REACH and OSH legislations are aiming at the same goal: safety, health and wellbeing of a worker handling chemical substances at work. Terminology and the overall language used within these legislative frameworks differ from each other. At an average European workplace the personnel handling REACH issues or CAD issues may be different. Registrant and a downstream user may have difficulties in communication. In addition to the practical issues causing discrepancies, in a broader perspective, also more profound differences in the philosophy of the two sets of legislation can be pointed out. This has to be understood in order to guarantee proper implementation. A good example of this is setting the European OELs vs. DNELs.
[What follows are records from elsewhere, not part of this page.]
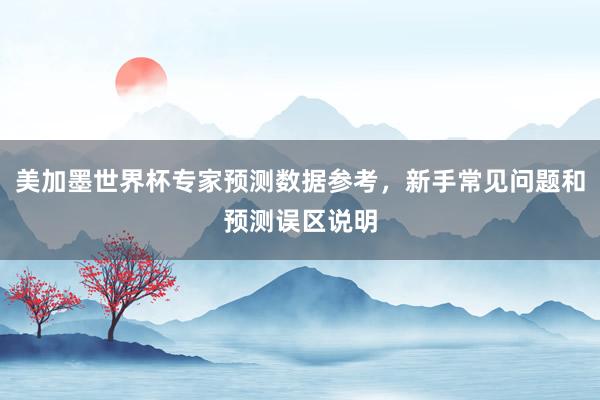 美加墨世界杯专家预测数据参考，新手常见问题和预测误区说明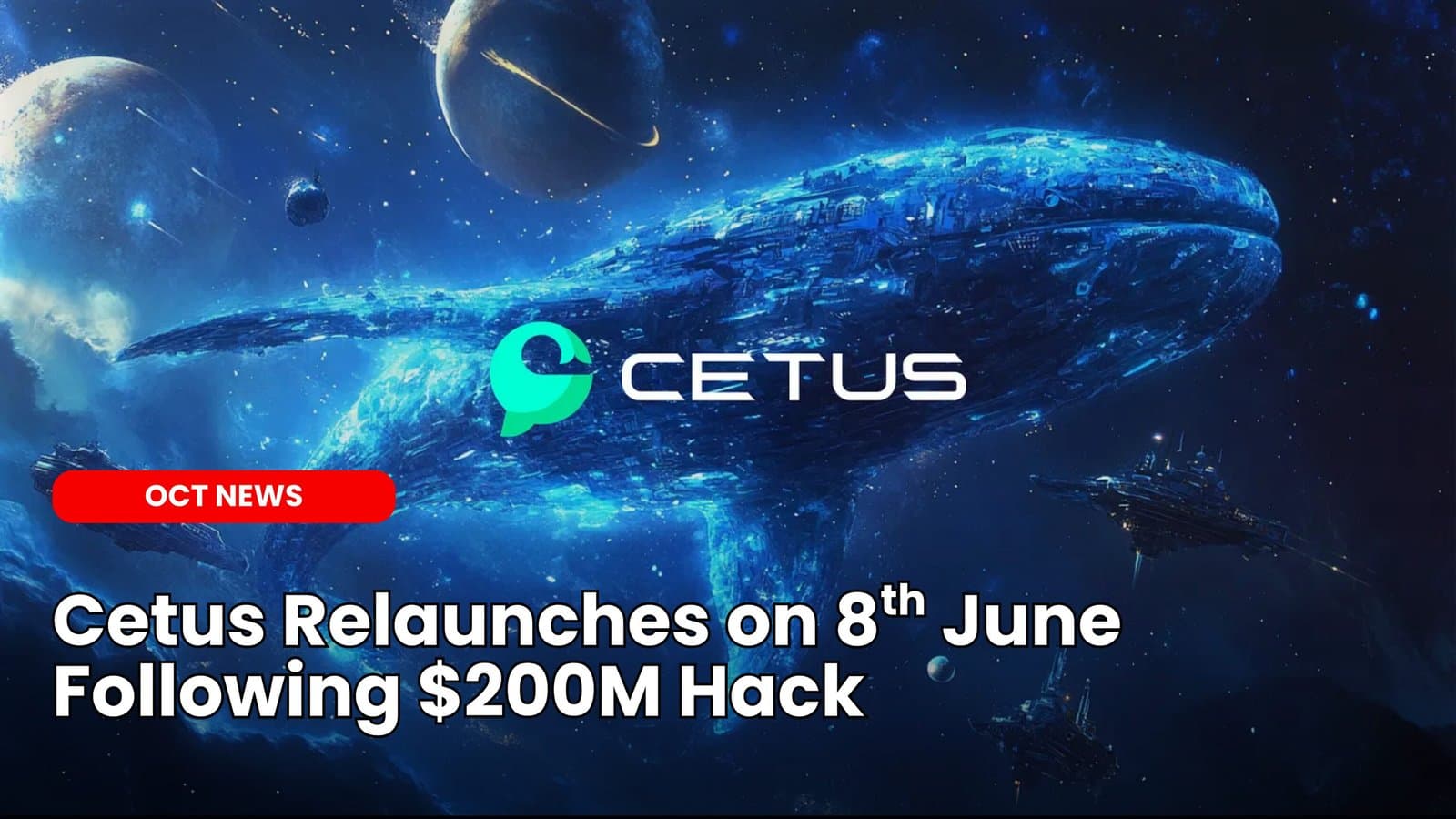 Cetus Relaunches on 8th June Following $200M Hack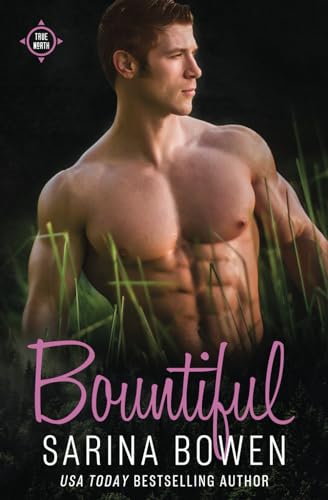 Bountiful (True North, #4)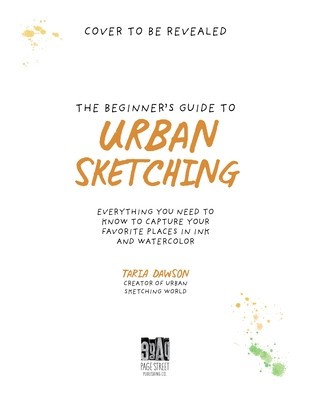 The Beginner&amp;#039;s Guide to Urban Sketching: Everything You Need to Know to Capture Your Favorite Places in Ink and Watercolor foto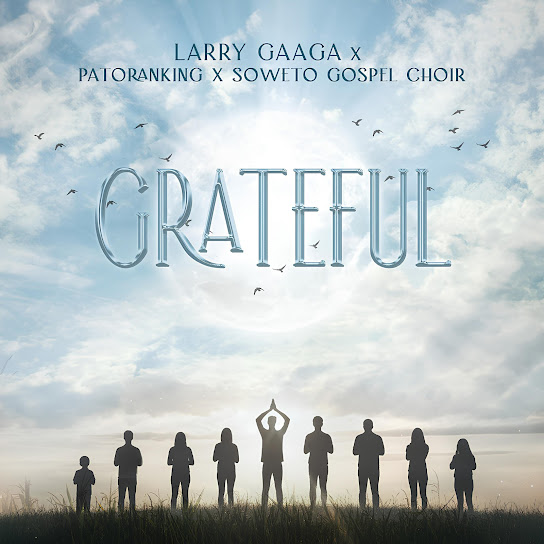 Larry Gaaga – Grateful Larry Gaaga – Grateful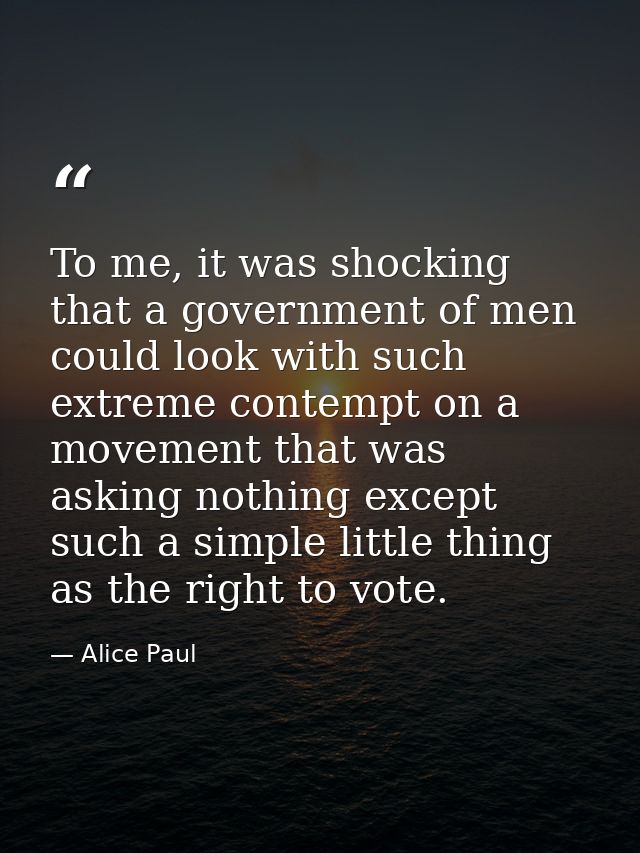 To me, it was shocking that a government of men could look with such extreme contempt on a movement that was asking noth — Alice Paul
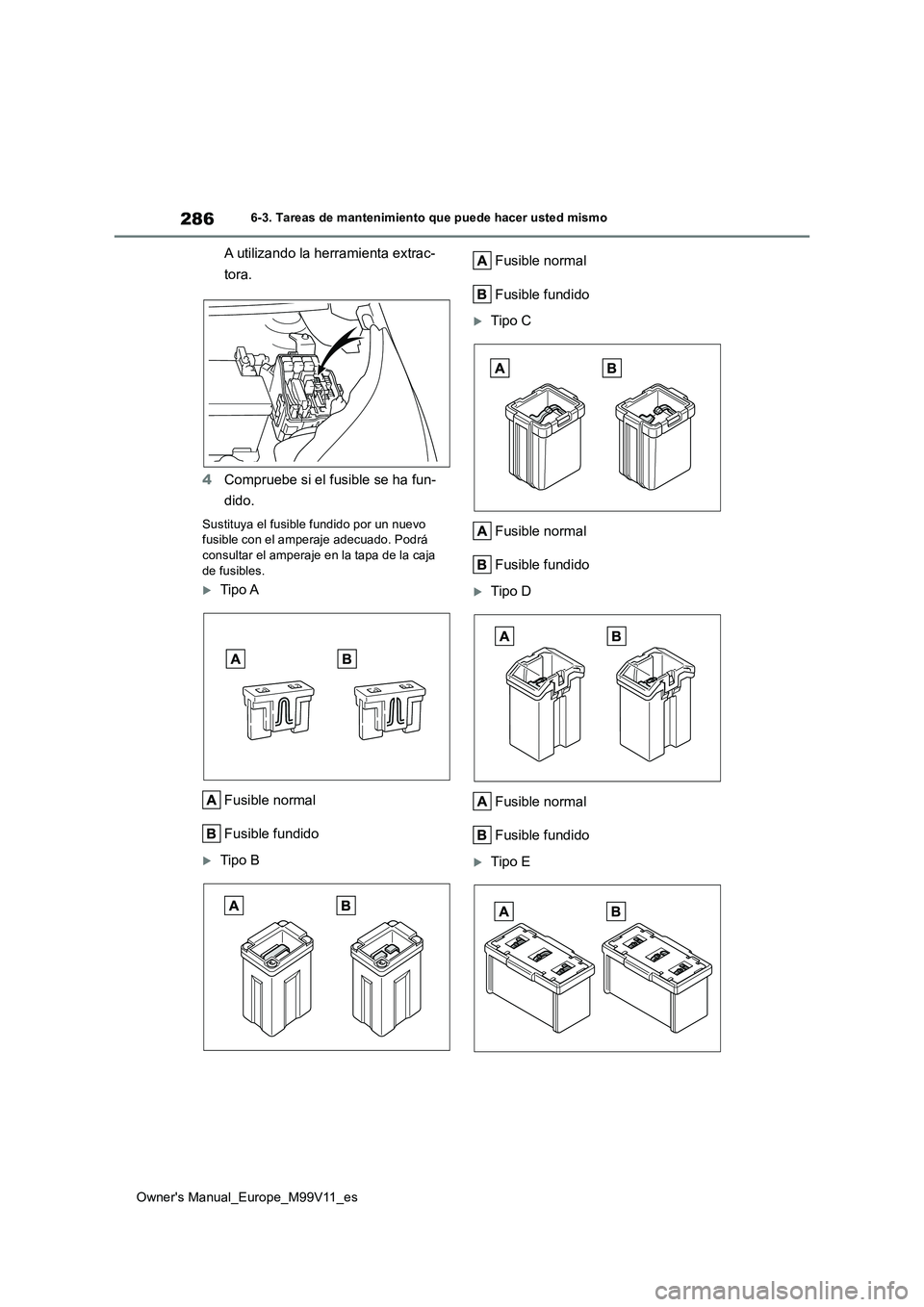 TOYOTA AYGO X 2022 Manuale de Empleo (in Spanish) 286
Owner's Manual_Europe_M99V11_es
6-3. Tareas de mantenimiento que puede hacer usted mismo
A utilizando la herramienta extrac-
tora.
4 Compruebe si el fusible se ha fun-
dido.
Sustituya el fu TOYOTA AYGO X 2022 Manuale de Empleo (in Spanish) 286
Owner's Manual_Europe_M99V11_es
6-3. Tareas de mantenimiento que puede hacer usted mismo
A utilizando la herramienta extrac-
tora.
4 Compruebe si el fusible se ha fun-
dido.
Sustituya el fu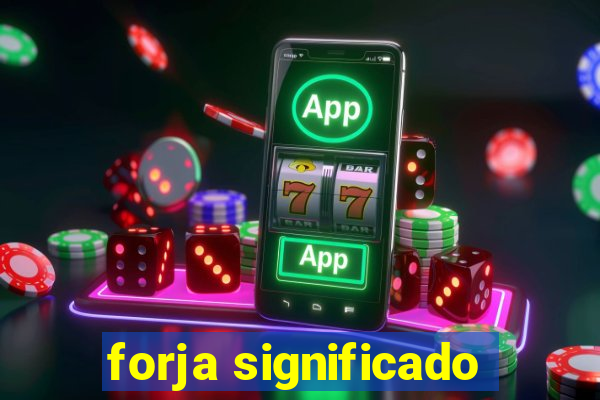 forja significado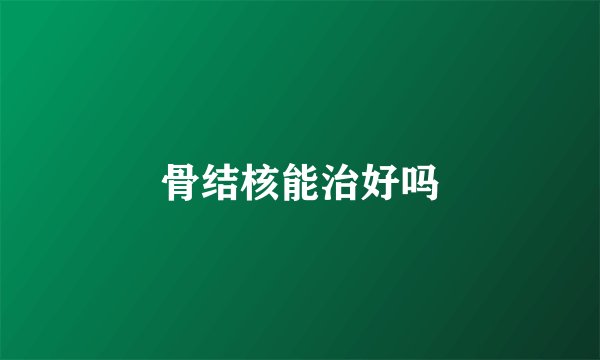 骨结核能治好吗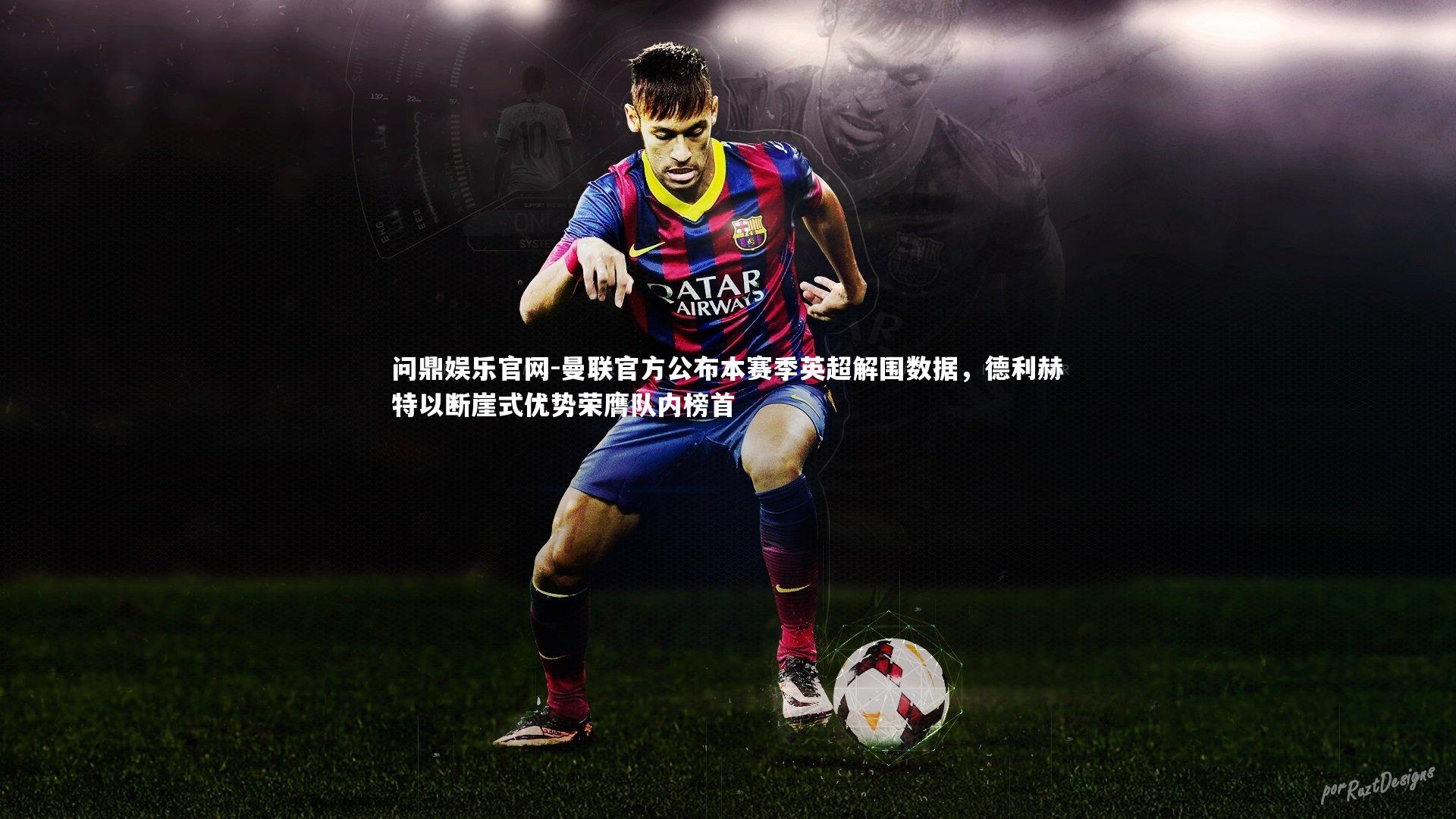 曼联官方公布本赛季英超解围数据,德利赫特以断崖式优势荣膺队内榜首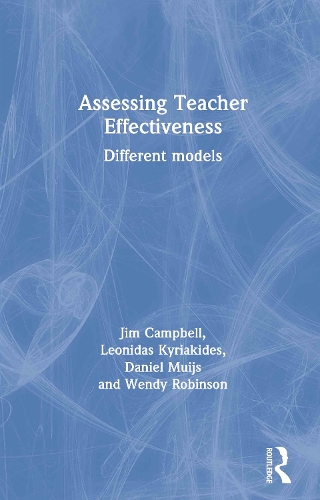 Бумажная книга «Assessing Teacher Effectiveness: Different models», авторов Дэниел Муйс, Джим Кэмпбелл, Леонидас Кириакидес, Венди Робинсон - фото №1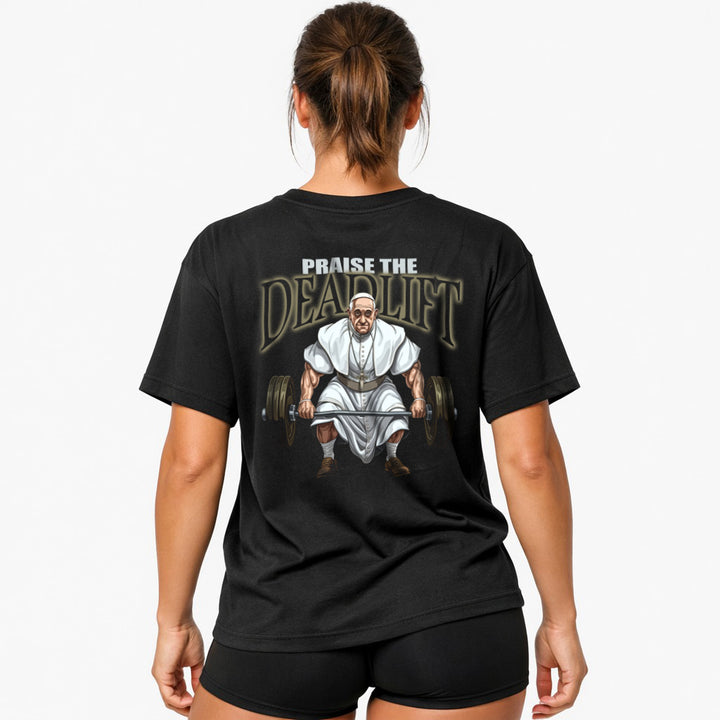 Praise the Deadlift (Backprint) Oversized Shirt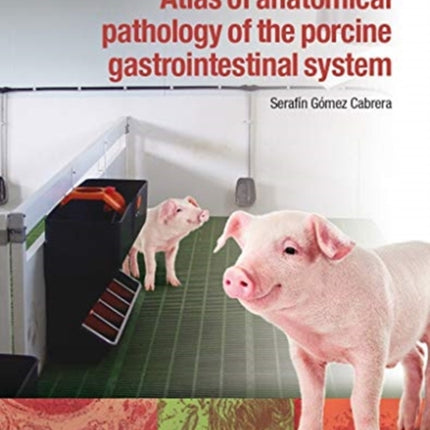 Atlas of anatomical pathology of the gastrointestinal system of swine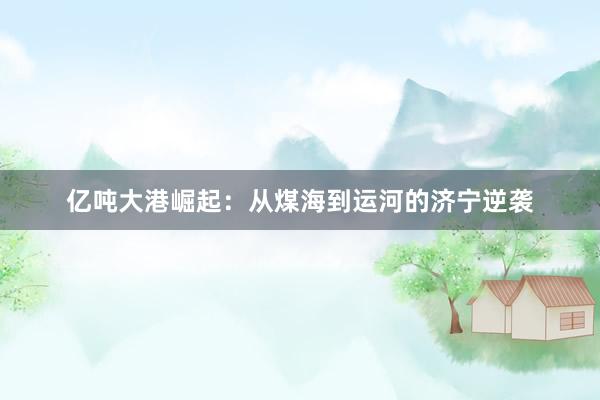 亿吨大港崛起：从煤海到运河的济宁逆袭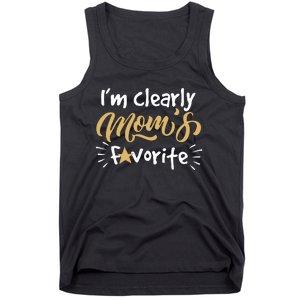 Im Clearly Moms Favorite Son Or Daughter Funny Gift Tank Top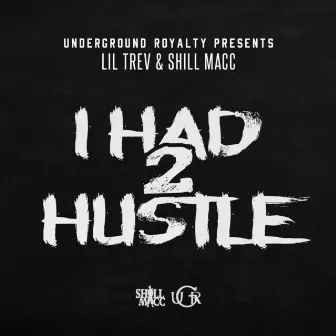 I Had 2 Hustle by Lil Trev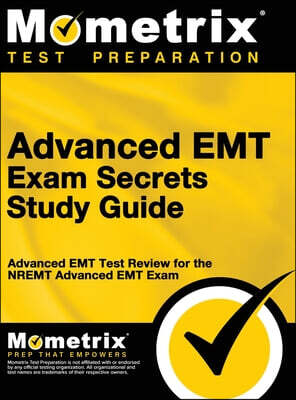 Advanced EMT Exam Secrets Study Guide: Advanced EMT Test Review for the Nremt Advanced EMT Exam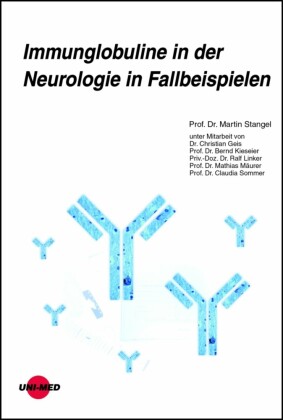 Immunglobuline in der Neurologie in Fallbeispielen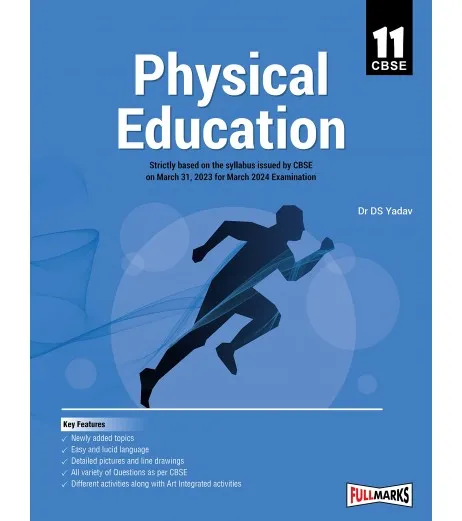 Full Marks Physical Education Class 11 Latest Edition Full Mark Team 5235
- Worker exposure assessment in REACH and in OSH legislation
- Setting and implementation of limit values
- Occupational hygienist’s role in implementing REACH; REACH in downstream users’ life
- What does ECHA do?
- Restrictions and authorizations
- Role of safety data sheets at workplaces
EHS professionals and occupational hygienists are dealing with downstream and end user companies. They need to have the basic understanding on how the REACH legislation works and what it can provide for workplaces in different sectors.
Mix of lectures and group works.
- Worker exposure assessment within REACH
- Setting up OELs and DNELs – similarities and differences, implementation in practise
- What does an occupational hygienist working with or in downstream user companies have to know about CSR/ES Roadmaps, SUMIs, use description system, sector use maps, SWEDs, ESCom, etc.?
- General presentation of the work of ECHA; Downstream user obligations; Process of restrictions & authorizations - what does it mean for a downstream user?
- Group practice: Creating the best MSDS of Europe
- How to deal with REACH obligations in practice? Downstream user’s point of view (industry representative).